Exercise description –
In this exercise, print only the lines of the records below from the one with "コ ン テ ナ 内 の フ ァ イ ル シ ス テ ム また、ファイルシステム（単に" through the one with "Userbar 560x90 mit", inclusive. Pictures are not part of the copy.

Records for processing –
----

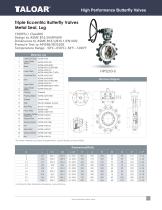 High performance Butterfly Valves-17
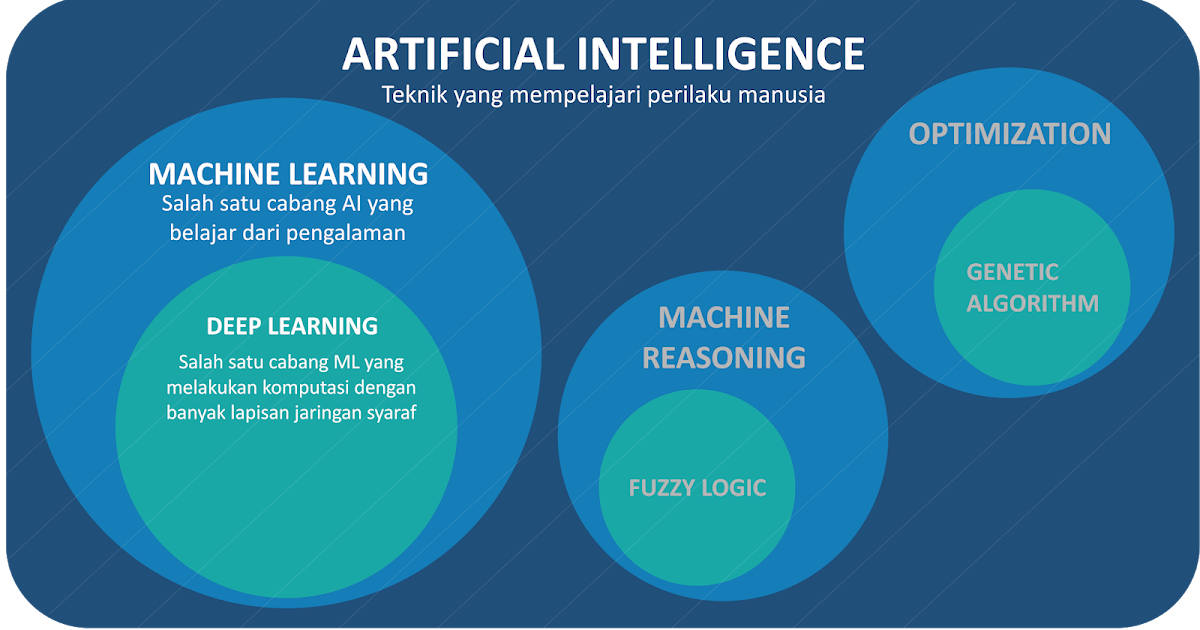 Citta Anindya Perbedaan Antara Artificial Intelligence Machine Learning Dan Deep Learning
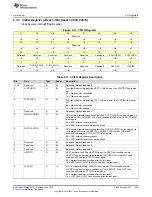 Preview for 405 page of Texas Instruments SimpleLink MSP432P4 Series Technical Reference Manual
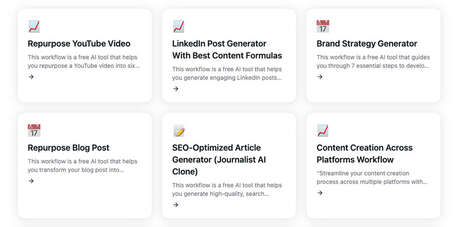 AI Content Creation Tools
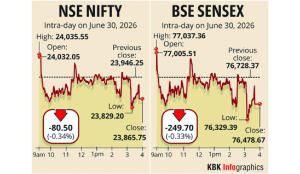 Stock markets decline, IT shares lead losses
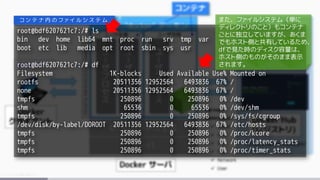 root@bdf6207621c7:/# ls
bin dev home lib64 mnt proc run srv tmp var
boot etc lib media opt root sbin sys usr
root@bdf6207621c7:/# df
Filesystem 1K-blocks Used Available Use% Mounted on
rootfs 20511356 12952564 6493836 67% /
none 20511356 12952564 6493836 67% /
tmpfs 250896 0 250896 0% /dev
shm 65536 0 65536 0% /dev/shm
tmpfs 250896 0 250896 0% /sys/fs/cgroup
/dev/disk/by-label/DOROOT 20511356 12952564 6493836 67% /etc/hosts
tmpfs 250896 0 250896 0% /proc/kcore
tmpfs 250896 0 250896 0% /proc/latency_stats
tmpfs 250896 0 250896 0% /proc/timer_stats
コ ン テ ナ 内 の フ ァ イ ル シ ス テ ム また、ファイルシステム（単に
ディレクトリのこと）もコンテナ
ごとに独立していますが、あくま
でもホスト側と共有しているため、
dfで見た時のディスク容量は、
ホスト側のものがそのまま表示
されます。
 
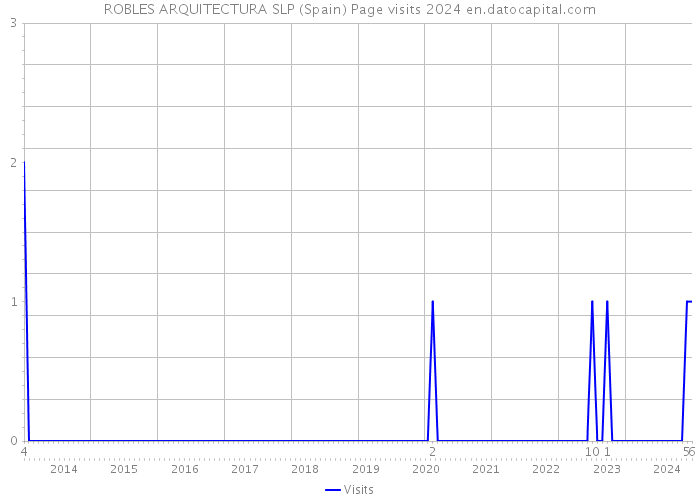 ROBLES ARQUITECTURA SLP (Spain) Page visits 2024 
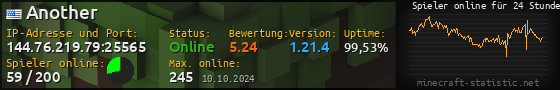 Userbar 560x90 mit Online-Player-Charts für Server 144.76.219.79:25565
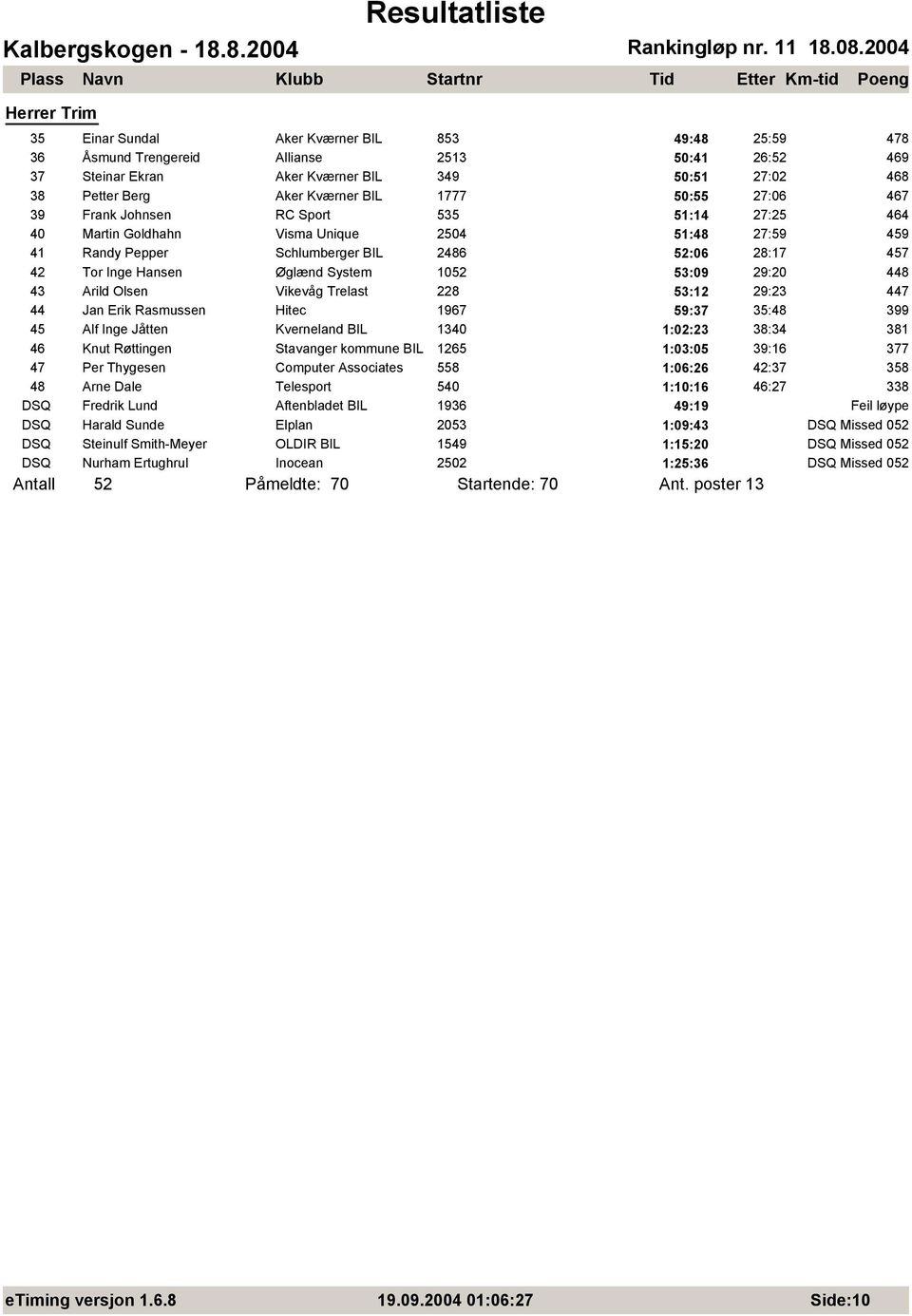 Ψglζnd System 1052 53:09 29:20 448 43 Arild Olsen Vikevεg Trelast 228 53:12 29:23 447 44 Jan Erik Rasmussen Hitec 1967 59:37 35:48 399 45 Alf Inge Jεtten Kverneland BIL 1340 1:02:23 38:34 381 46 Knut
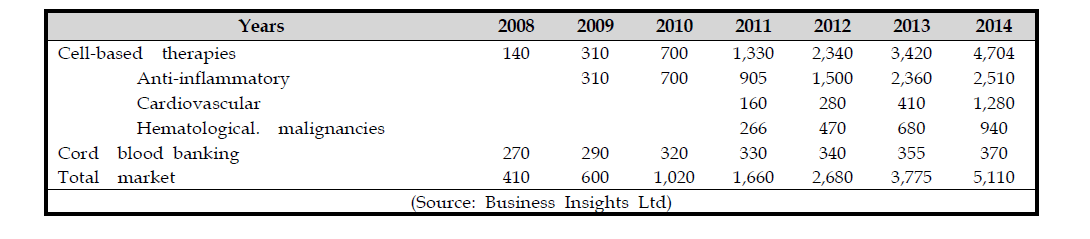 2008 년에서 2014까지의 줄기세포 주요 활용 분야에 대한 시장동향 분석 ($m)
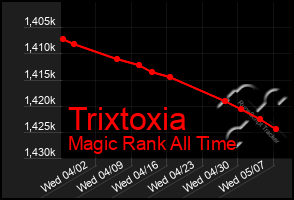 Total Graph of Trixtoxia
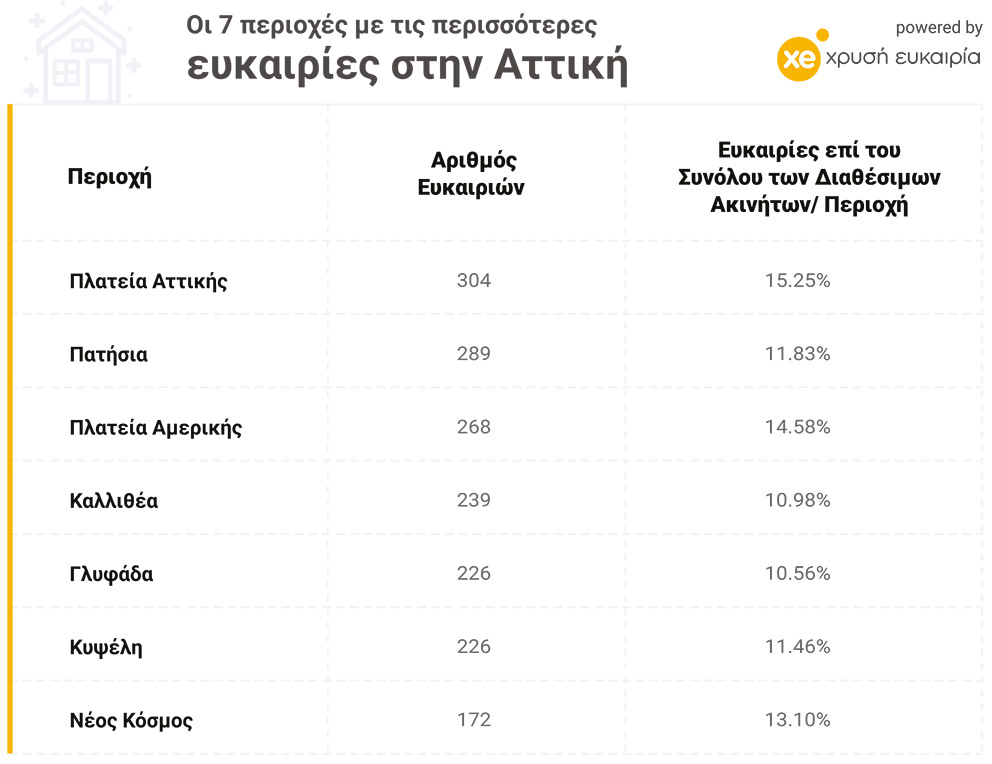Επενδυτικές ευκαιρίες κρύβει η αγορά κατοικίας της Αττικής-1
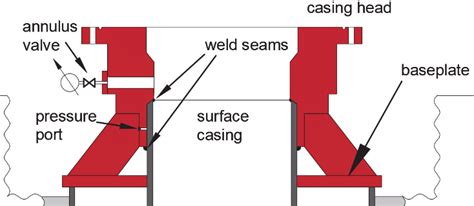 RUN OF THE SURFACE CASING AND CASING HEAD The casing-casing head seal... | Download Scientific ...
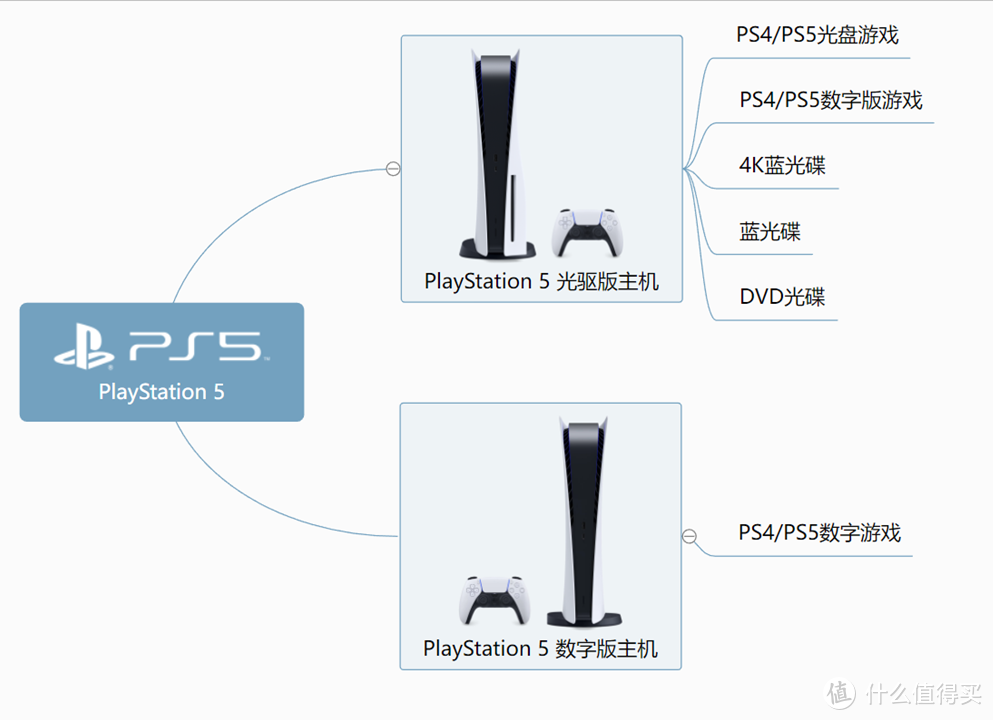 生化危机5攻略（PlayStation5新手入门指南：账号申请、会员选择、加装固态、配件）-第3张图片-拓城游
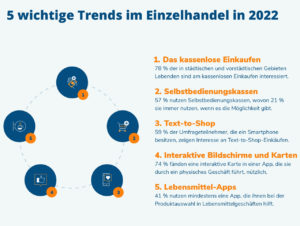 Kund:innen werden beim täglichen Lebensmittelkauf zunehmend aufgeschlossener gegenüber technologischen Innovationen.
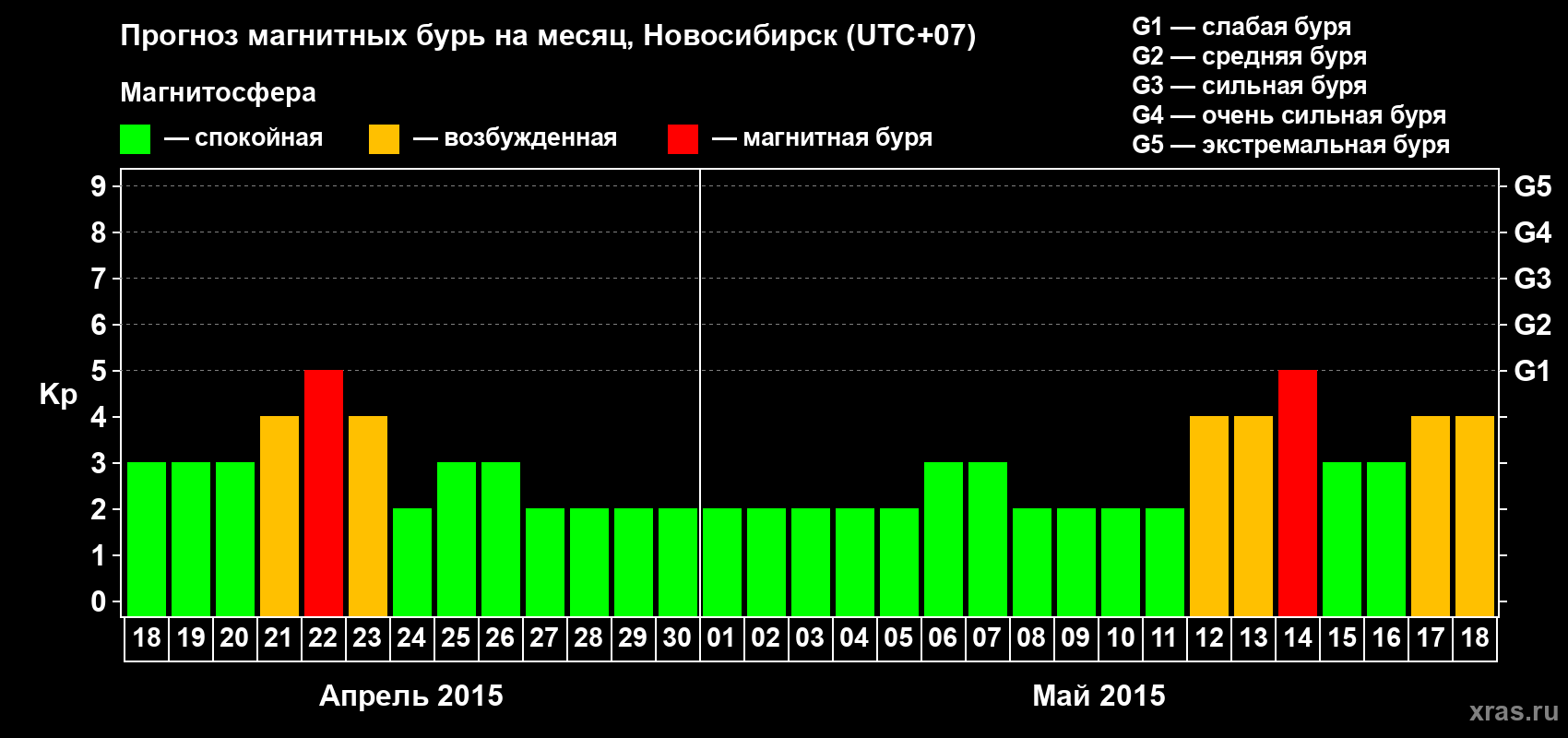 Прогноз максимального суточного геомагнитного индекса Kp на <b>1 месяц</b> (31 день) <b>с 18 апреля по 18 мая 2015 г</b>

----

Answer area –
コ ン テ ナ 内 の フ ァ イ ル シ ス テ ム また、ファイルシステム（単に
ディレクトリのこと）もコンテナ
ごとに独立していますが、あくま
でもホスト側と共有しているため、
dfで見た時のディスク容量は、
ホスト側のものがそのまま表示
されます。
 
 ROBLES ARQUITECTURA SLP (Spain) Page visits 2024 
 Userbar 560x90 mit Online-Player-Charts für Server 144.76.219.79:25565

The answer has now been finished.